:: WORKING DATA ::
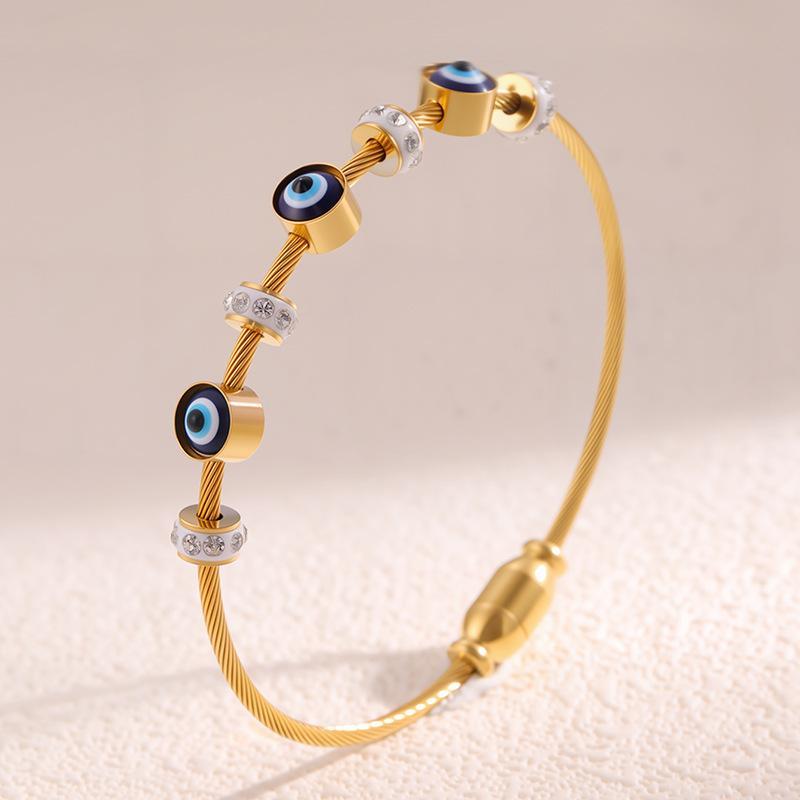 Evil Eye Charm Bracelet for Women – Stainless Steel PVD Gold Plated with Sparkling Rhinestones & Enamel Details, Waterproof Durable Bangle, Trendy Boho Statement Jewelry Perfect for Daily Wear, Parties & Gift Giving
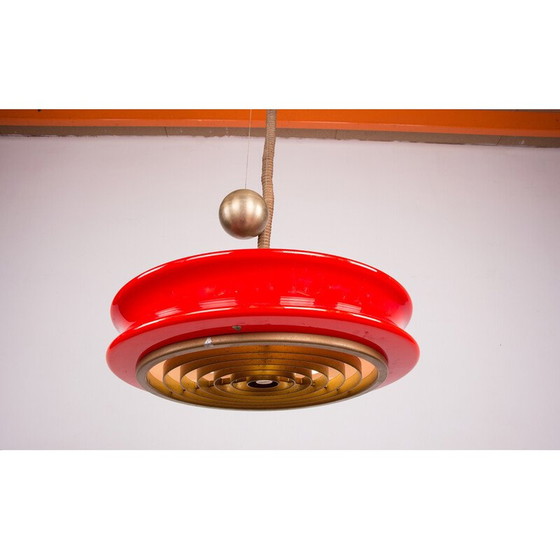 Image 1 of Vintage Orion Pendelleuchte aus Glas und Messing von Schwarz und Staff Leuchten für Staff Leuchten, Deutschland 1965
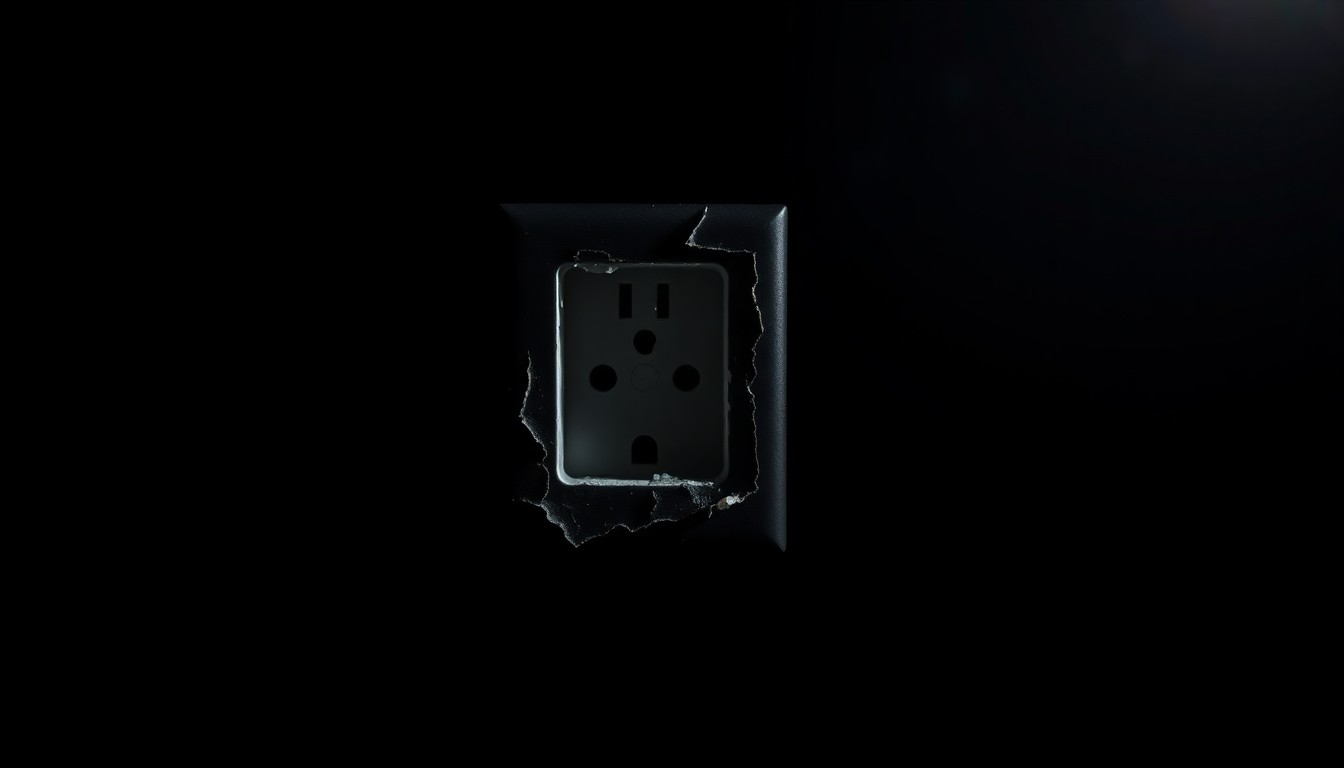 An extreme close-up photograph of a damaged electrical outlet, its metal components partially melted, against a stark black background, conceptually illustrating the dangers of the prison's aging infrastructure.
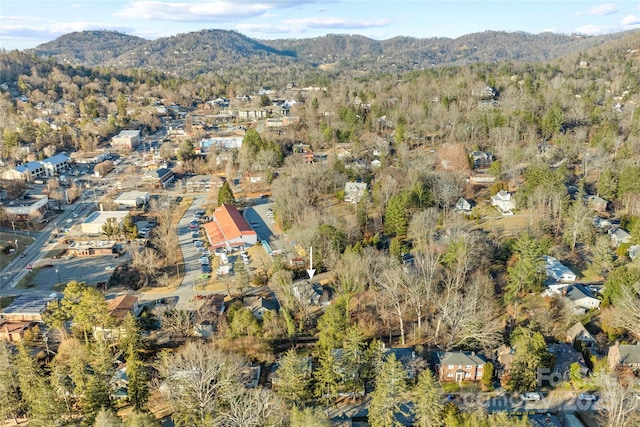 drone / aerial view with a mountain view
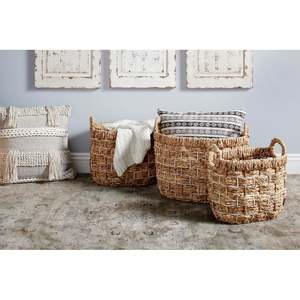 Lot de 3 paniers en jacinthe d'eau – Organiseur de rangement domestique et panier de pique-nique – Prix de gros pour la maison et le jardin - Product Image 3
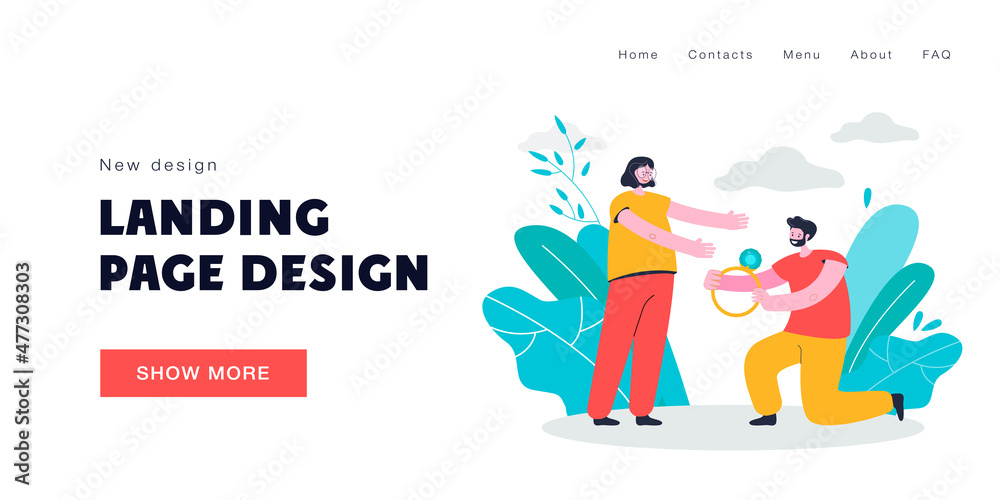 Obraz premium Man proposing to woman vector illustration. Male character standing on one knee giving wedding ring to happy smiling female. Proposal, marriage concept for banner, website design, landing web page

---

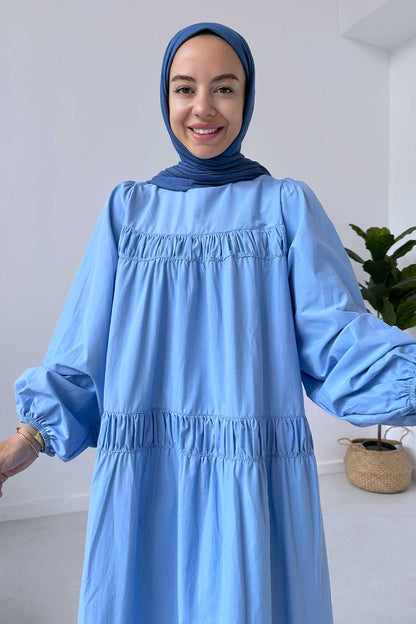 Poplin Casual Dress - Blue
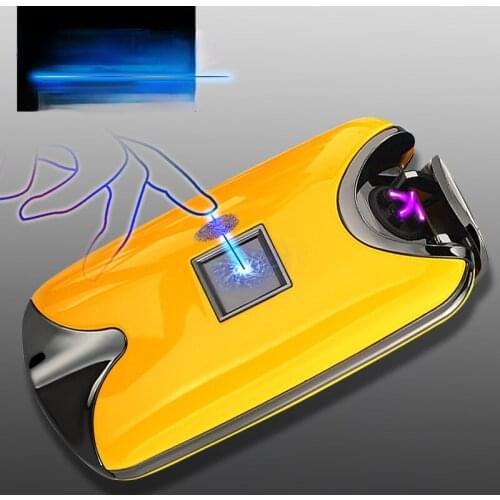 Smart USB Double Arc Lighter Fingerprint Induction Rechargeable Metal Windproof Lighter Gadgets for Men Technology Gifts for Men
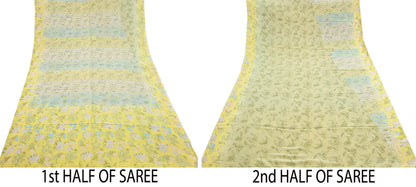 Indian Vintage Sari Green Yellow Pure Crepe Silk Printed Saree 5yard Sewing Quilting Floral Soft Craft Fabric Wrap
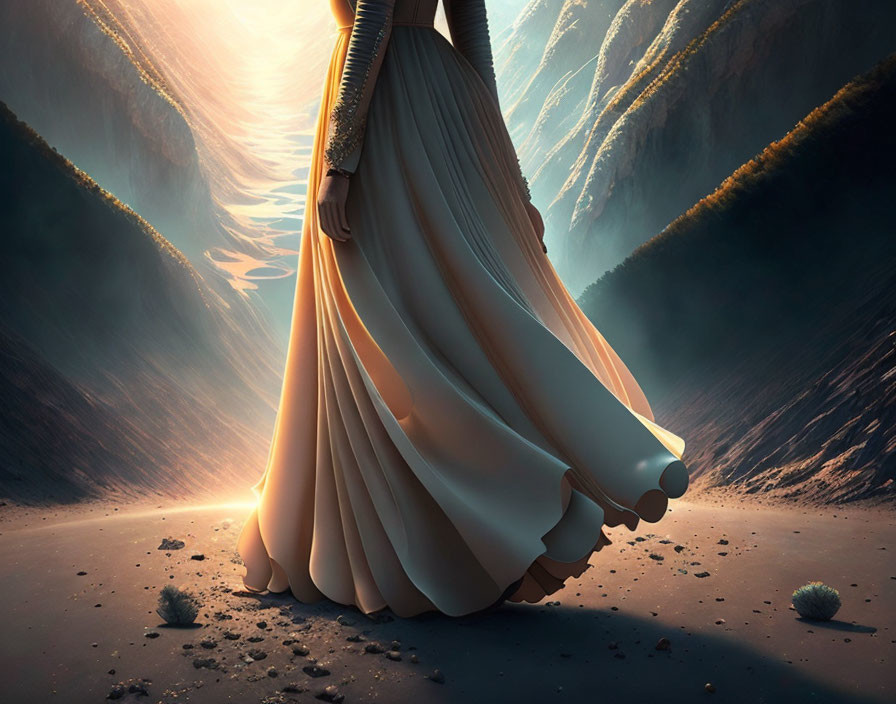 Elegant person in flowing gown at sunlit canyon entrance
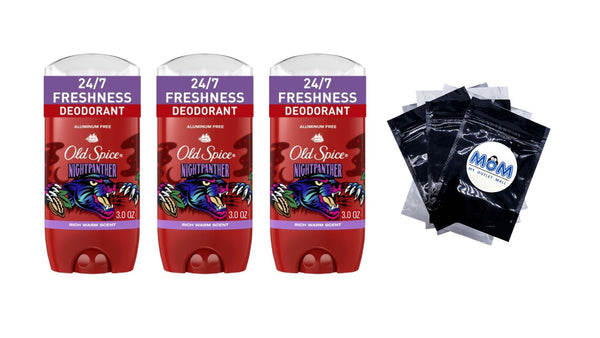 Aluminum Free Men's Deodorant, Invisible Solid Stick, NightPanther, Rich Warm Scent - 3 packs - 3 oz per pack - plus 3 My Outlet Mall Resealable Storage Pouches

:: TASK TO CARRY OUT ::
The answer should consist only of the lines above from the one with "Evil Eye Charm" through the one with "Obraz premium Man", repeated exactly, with no pictures among them.

:: ANSWER BELOW ::
 Evil Eye Charm Bracelet for Women – Stainless Steel PVD Gold Plated with Sparkling Rhinestones & Enamel Details, Waterproof Durable Bangle, Trendy Boho Statement Jewelry Perfect for Daily Wear, Parties & Gift Giving
 Image 1 of Vintage Orion Pendelleuchte aus Glas und Messing von Schwarz und Staff Leuchten für Staff Leuchten, Deutschland 1965
 An extreme close-up photograph of a damaged electrical outlet, its metal components partially melted, against a stark black background, conceptually illustrating the dangers of the prison's aging infrastructure.
 drone / aerial view with a mountain view
 Lot de 3 paniers en jacinthe d'eau – Organiseur de rangement domestique et panier de pique-nique – Prix de gros pour la maison et le jardin - Product Image 3
 Obraz premium Man proposing to woman vector illustration. Male character standing on one knee giving wedding ring to happy smiling female. Proposal, marriage concept for banner, website design, landing web page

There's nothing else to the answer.